▶ **What you have to do**: Where a line in the listing below contains the word "white", copy that line.

▶ **Study material**:

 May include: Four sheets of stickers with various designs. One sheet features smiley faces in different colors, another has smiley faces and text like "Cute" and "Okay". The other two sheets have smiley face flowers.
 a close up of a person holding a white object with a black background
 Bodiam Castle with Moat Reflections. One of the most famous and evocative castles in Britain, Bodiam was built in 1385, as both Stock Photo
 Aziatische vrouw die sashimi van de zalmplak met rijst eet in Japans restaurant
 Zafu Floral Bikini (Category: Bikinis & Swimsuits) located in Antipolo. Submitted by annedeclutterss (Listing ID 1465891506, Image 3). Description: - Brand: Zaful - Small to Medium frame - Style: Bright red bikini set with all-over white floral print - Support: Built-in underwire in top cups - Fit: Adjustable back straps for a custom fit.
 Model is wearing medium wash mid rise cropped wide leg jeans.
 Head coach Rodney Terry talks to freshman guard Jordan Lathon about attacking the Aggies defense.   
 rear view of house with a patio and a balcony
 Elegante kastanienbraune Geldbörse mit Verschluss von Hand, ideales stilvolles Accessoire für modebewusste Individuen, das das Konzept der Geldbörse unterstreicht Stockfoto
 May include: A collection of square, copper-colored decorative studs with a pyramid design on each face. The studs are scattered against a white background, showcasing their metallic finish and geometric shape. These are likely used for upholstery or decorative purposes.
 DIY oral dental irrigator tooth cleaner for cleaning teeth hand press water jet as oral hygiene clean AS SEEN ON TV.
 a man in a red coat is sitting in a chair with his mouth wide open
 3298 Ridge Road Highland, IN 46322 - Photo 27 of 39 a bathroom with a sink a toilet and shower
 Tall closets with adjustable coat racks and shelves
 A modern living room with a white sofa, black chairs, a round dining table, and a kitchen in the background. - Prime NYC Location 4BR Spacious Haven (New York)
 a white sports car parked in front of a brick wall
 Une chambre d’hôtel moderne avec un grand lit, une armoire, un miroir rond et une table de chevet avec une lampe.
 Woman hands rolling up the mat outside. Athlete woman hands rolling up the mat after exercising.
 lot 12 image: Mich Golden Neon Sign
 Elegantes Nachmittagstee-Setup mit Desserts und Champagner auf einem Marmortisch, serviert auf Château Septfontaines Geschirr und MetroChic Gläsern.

▶ **Reply**:
 a close up of a person holding a white object with a black background
 Zafu Floral Bikini (Category: Bikinis & Swimsuits) located in Antipolo. Submitted by annedeclutterss (Listing ID 1465891506, Image 3). Description: - Brand: Zaful - Small to Medium frame - Style: Bright red bikini set with all-over white floral print - Support: Built-in underwire in top cups - Fit: Adjustable back straps for a custom fit.
 May include: A collection of square, copper-colored decorative studs with a pyramid design on each face. The studs are scattered against a white background, showcasing their metallic finish and geometric shape. These are likely used for upholstery or decorative purposes.
 A modern living room with a white sofa, black chairs, a round dining table, and a kitchen in the background. - Prime NYC Location 4BR Spacious Haven (New York)
 a white sports car parked in front of a brick wall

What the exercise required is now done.